Minor league affiliations
- Class: Double-A (2008–present)
- League: Texas League (2008–present)
- Division: North Division

Major league affiliations
- Team: Kansas City Royals (2008–present)

Minor league titles
- League titles (2): 2010; 2021;
- Division titles (4): 2009; 2010; 2015; 2016;
- First-half titles (3): 2010; 2015; 2017;
- Second-half titles (5): 2008; 2009; 2010; 2011; 2016;

Team data
- Name: Northwest Arkansas Naturals (2008–present)
- Colors: Red, yellow, dark blue, light blue, and white
- Ballpark: Arvest Ballpark (2008–present)
- Owner/ Operator: Rich Products Corporation
- General manager: Justin Cole
- Manager: Brooks Conrad
- Website: milb.com/northwest-arkansas

= Northwest Arkansas Naturals =

The Northwest Arkansas Naturals are a Minor League Baseball team based in Springdale, Arkansas. The team is a member of the Texas League, and serves as the Double-A affiliate of the Kansas City Royals. The Naturals play at Arvest Ballpark, which opened in 2008 and is located at the intersection of Gene George Boulevard and Watkins Avenue. The team relocated from Wichita, Kansas, in 2008, where it was known as the Wichita Wranglers.

==Origin==
The Wichita Wranglers had struggled with low attendance numbers and an aging Lawrence–Dumont Stadium throughout Bob Rich Jr.'s 18-year ownership of the team.
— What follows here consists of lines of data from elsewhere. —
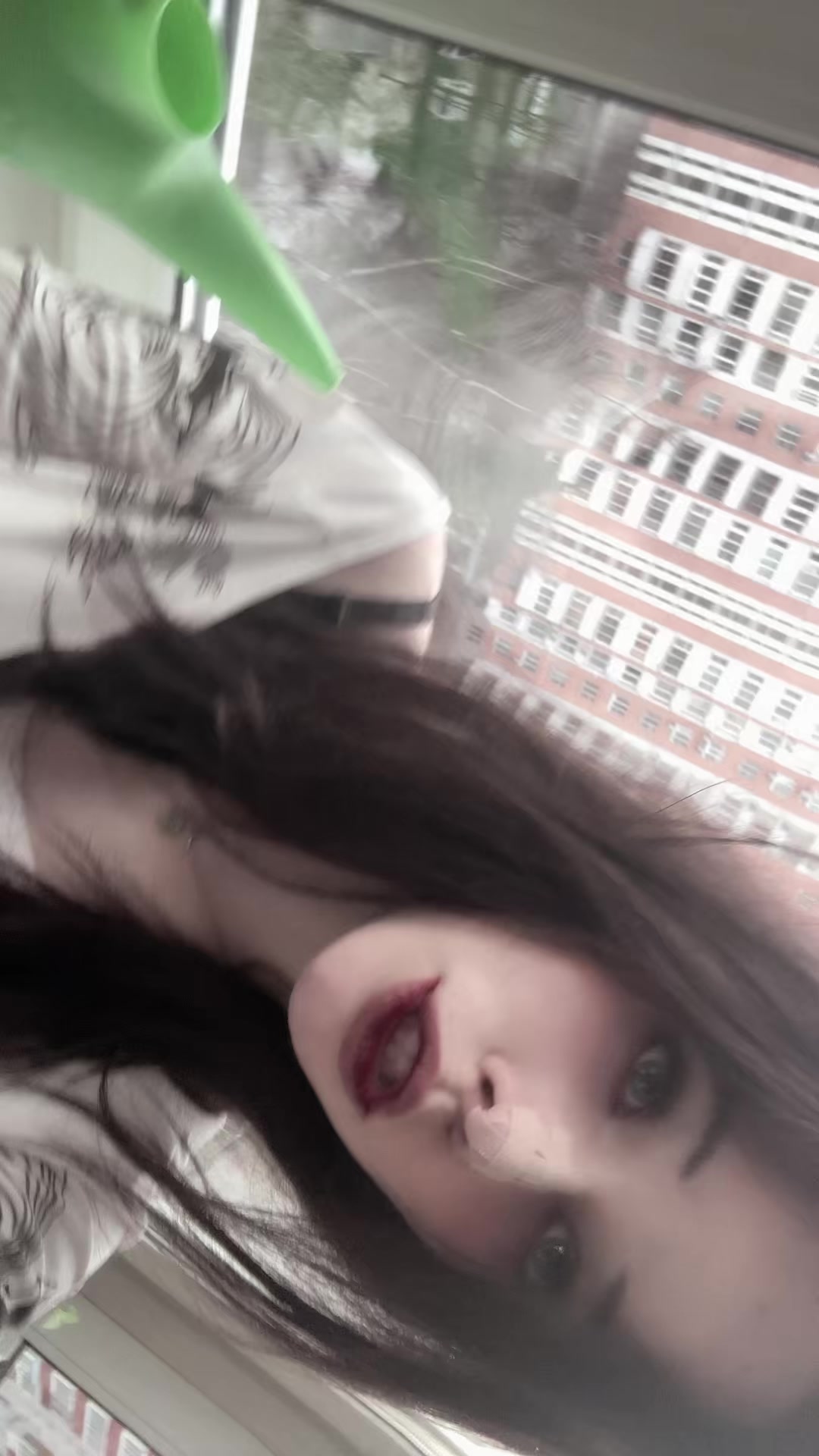 @ᚷ1ᛖik0RR@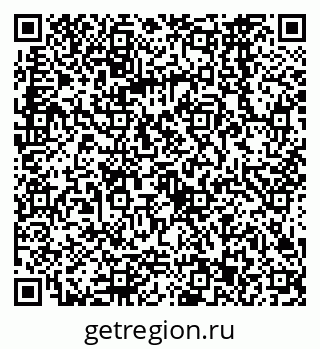 79068563264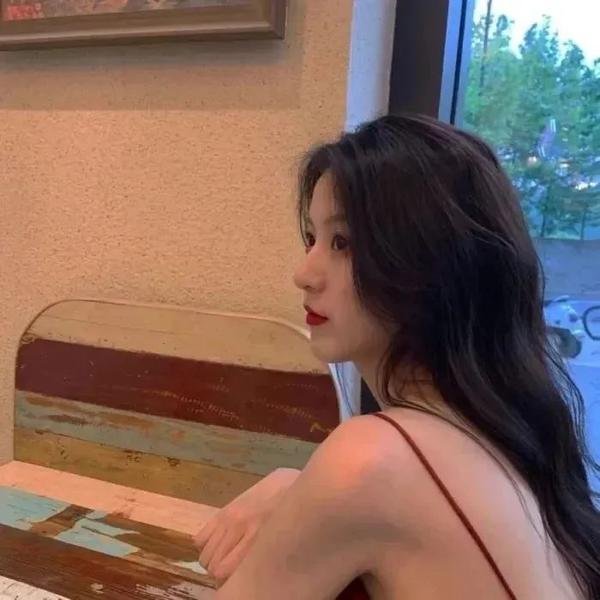 历险小恐龙7:天降魔石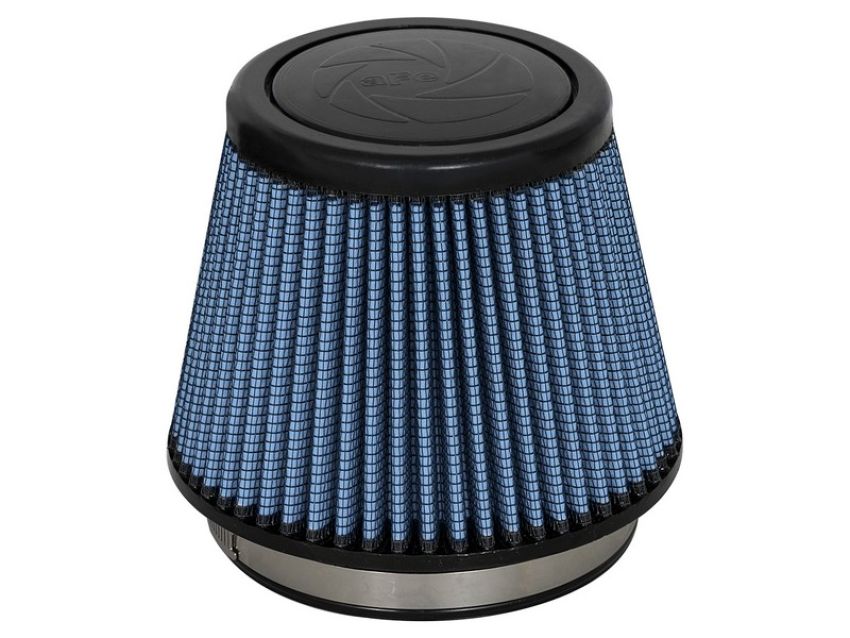 aFe Power 24-50505 Magnum FLOW Universal Air Filter w/ Pro 5R Media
In 2006, he sought a move to Springdale, contingent on a citizen vote to approve financing for a new stadium.

The movement to bring a professional baseball team to Springdale had counted on the support of Ronnie Floyd, influential pastor of local megachurch First Baptist Church of Springdale. However, Floyd pulled his support in June 2006 after it was discovered the team would serve alcohol at games, making professional baseball a contentious and evenly split issue in northwest Arkansas. The July vote on a measure to extend a one-cent sales tax to help raise $50 million for the stadium passed by only fifteen votes.

==Team name==
The team's nickname plays off the state's nickname as the "Natural State," as well as the Robert Redford film, The Natural. The Rich Family owes much of its baseball success to the film. In 1983, Bob Rich Jr. bought the Double-A Buffalo Bisons, who had suffered low attendance the previous season, for $100,000. That year, Hollywood producers approached Rich about filming scenes for The Natural at Buffalo's War Memorial Stadium. Following the release of the film, local interest in the team rose and attendance at the Bisons' games nearly tripled. Rich was then able to finance the Bisons' move to the Triple-A American Association. In something of a coincidence, the Triple-A Bisons were formerly the Wichita Aeros, meaning Rich has purchased two teams that had played previously in Wichita, Kansas.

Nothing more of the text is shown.